# inspection camera



## janowicz (Jan 8, 2012)

Thinking of getting a 12v inspection camera .. anyone have one and have you found it to be useful ...


----------



## 480sparky (Sep 20, 2007)

They are all useful.... it's just a matter of how much you wanna spend on bells & whistles.


----------



## janowicz (Jan 8, 2012)

Ya I really like the dewalt with the removable screen ..


----------



## zwodubber (Feb 24, 2011)

I like the ridgid see snake home depot has (they have the best price too) but like someone said it depends on features you want. And remember, they keep getting better and better. Harbor freight's centech now has more features than my 2 or 3 year old milwaukee m12 and cost about a third of what the m12 cost.


http://www.homedepot.com/webapp/wcs..._mmc=shopping-_-googlebase-_-D25X-_-202810435


----------



## jza (Oct 31, 2009)

I often use my cellphone. Turn video camera and light on, start recording, stick in hole. Watch the video when you're done.


----------



## ilikepez (Mar 24, 2011)

what do you do if the cell phone gets loose? rip open the wall?


----------



## macmikeman (Jan 23, 2007)

jza said:


> I often use my cellphone. Turn video camera and light on, start recording, stick in hole. Watch the video when you're done.

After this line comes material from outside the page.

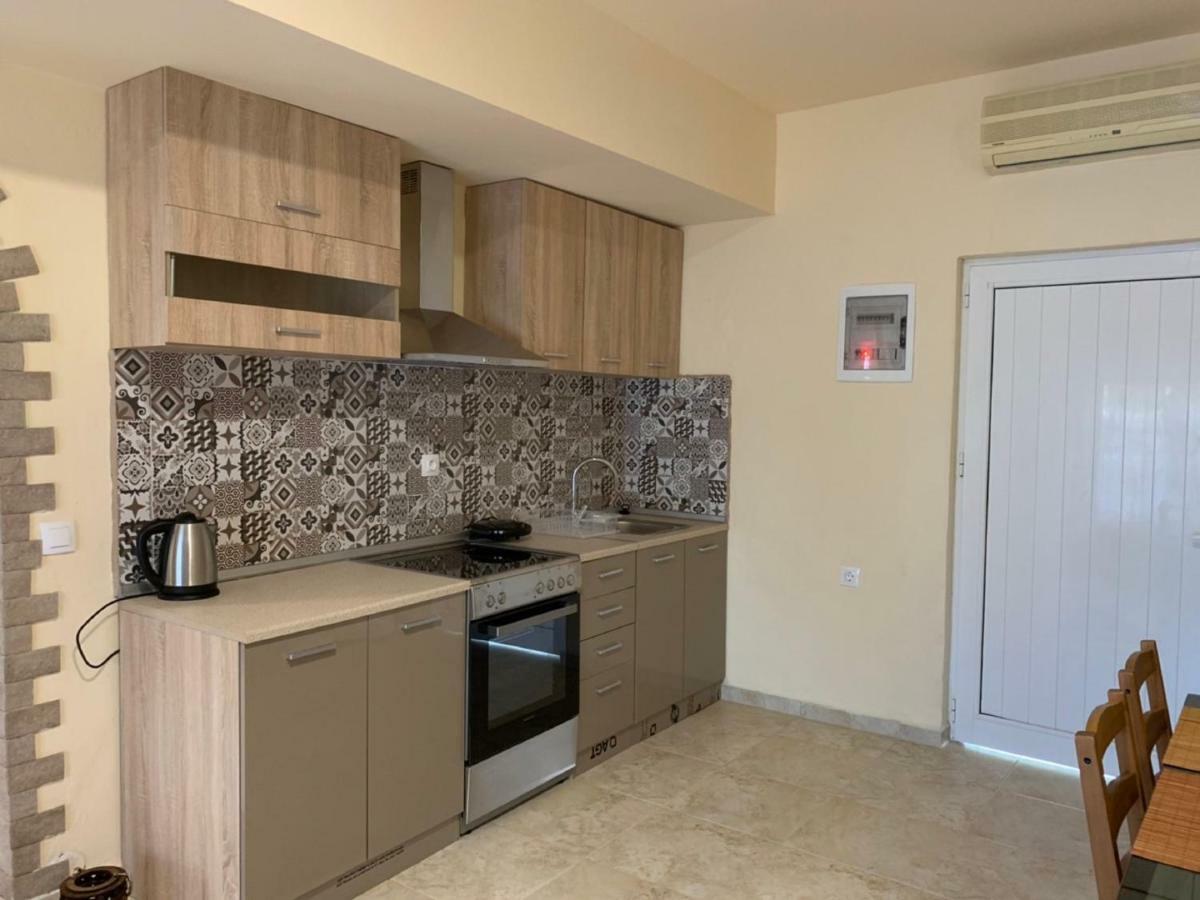 Toula'S Apartments Фалираки Экстерьер фото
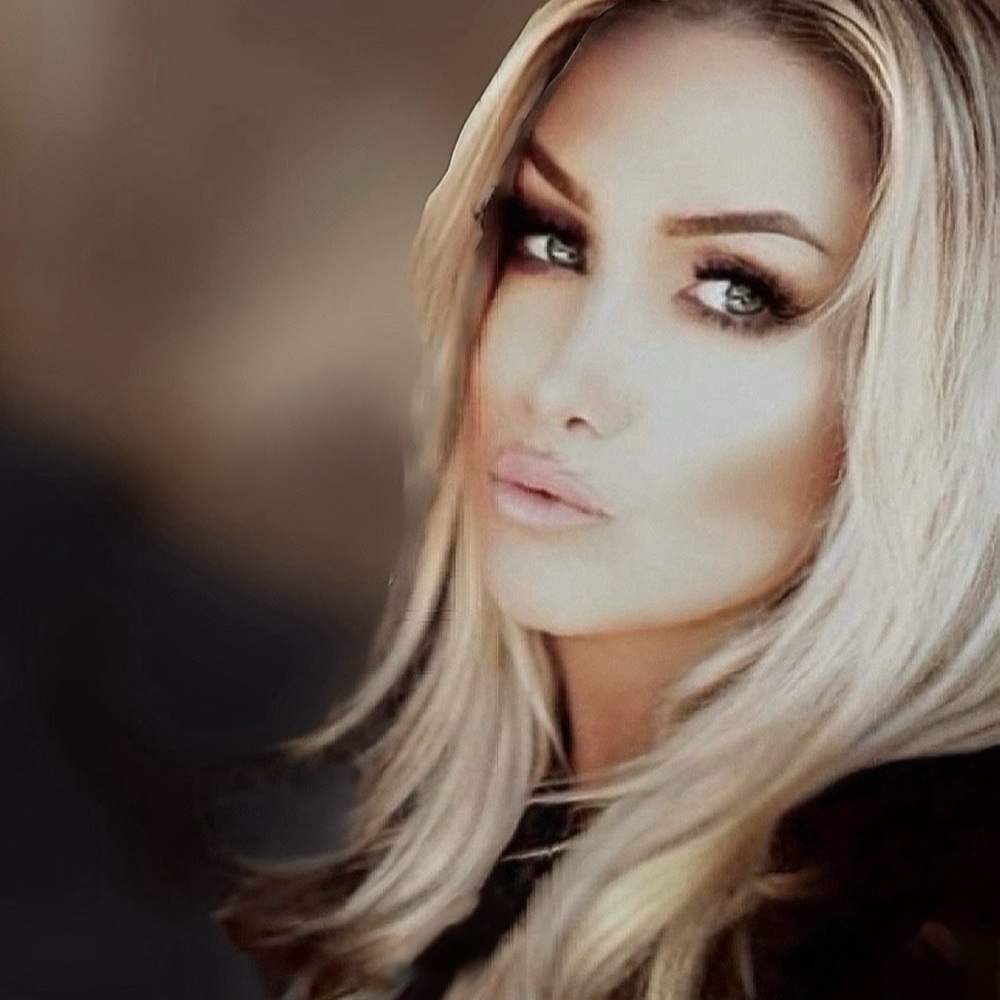 Meet your Posher, Lisaah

Thats creative, I like that, specially if its an I-phone. Think Different.....


----------



## sarness (Sep 14, 2010)

jza said:


> I often use my cellphone. Turn video camera and light on, start recording, stick in hole. Watch the video when you're done.


Haha, that's better then taking pictures! (which is what I "was" doing)


----------



## B W E (May 1, 2011)

I tried the ryobi inspection camera from HD. It sucked. The light was horrible and you couldn't see more than a foot
Or so beyond the camera.


----------



## SteveO. (Oct 17, 2011)

jza said:


> I often use my cellphone. Turn video camera and light on, start recording, stick in hole. Watch the video when you're done.


Great idea! I was thinking of grabbing an inspection camera for fishing pots but this will work just as well and I don't have to carry another tool. Thanks!


----------



## electricmanscott (Feb 11, 2010)

The phone cam is a decent idea but it's use is pretty limited. I can see more with a flashlight and mirror. With a camera you can make a small hole and scope things out before you go to far. I had a rigid see snake and used it all the time. I broke it and haven't repaired it.

I was going to buy this one over the weekend with a sale and coupon code and mail in for a free tool. I bought my son a new phone instead.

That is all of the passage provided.